- **Input data**
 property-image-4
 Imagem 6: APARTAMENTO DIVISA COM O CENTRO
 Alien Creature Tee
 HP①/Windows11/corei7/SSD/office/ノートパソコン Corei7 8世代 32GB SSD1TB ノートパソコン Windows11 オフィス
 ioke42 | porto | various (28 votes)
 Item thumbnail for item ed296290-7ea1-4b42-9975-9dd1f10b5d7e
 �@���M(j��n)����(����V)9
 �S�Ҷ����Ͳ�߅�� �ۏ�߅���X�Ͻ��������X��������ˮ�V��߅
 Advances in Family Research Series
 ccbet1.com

--

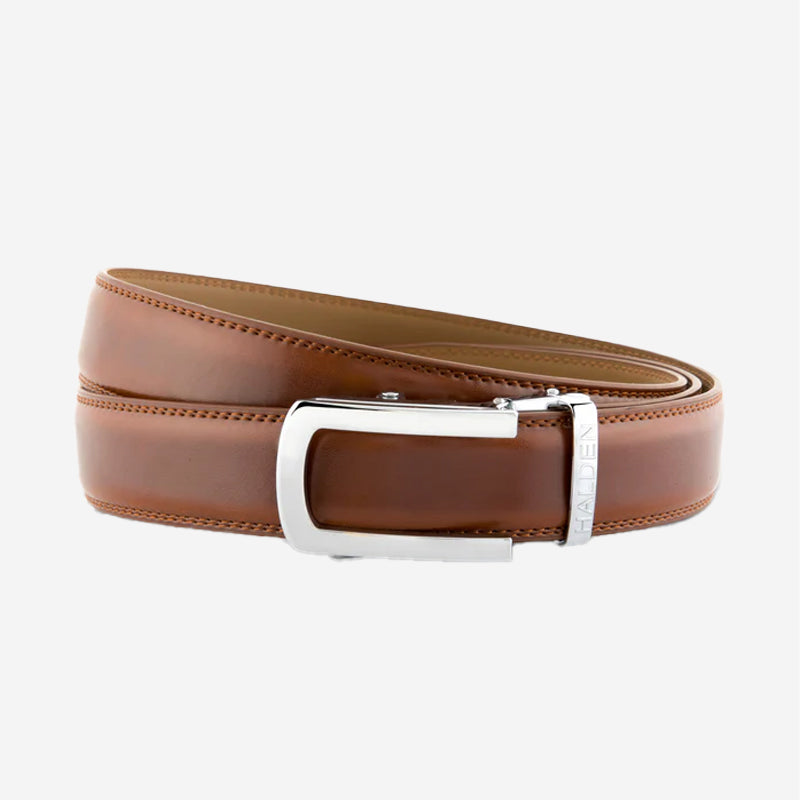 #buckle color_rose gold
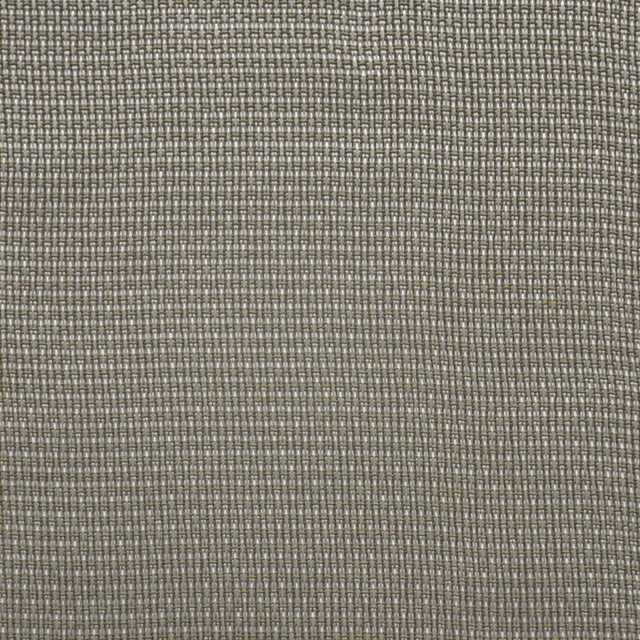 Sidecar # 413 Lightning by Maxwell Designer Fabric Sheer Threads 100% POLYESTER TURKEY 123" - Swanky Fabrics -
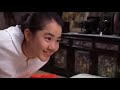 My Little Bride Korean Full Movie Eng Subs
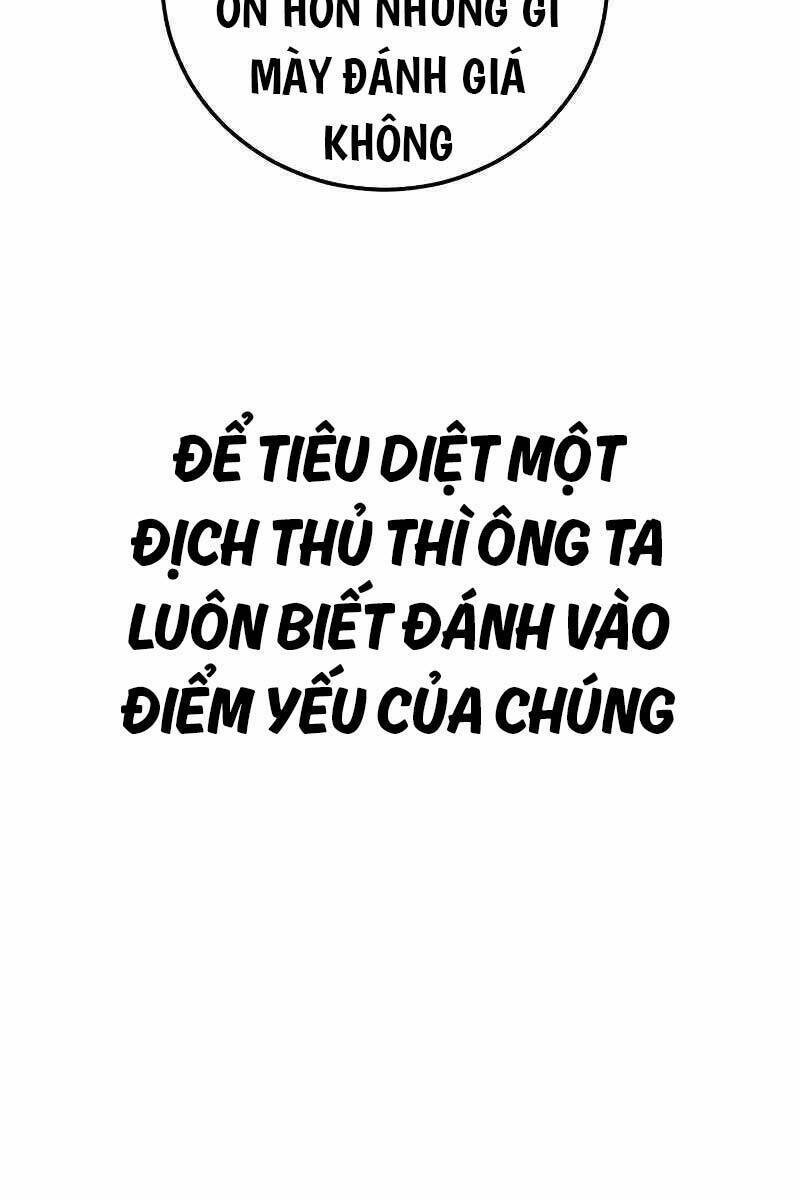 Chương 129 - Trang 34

--

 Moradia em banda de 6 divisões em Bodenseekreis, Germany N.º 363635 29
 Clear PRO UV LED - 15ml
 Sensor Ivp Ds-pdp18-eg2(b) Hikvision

- **Assignment**
The lines to set down run from the line with "Sidecar # 413" up to and including the line with "Chương 129 - Trang 34" in the entries above. Reproduce them exactly, with no pictures.

- **Your solution**
 Sidecar # 413 Lightning by Maxwell Designer Fabric Sheer Threads 100% POLYESTER TURKEY 123" - Swanky Fabrics -
 My Little Bride Korean Full Movie Eng Subs
 Chương 129 - Trang 34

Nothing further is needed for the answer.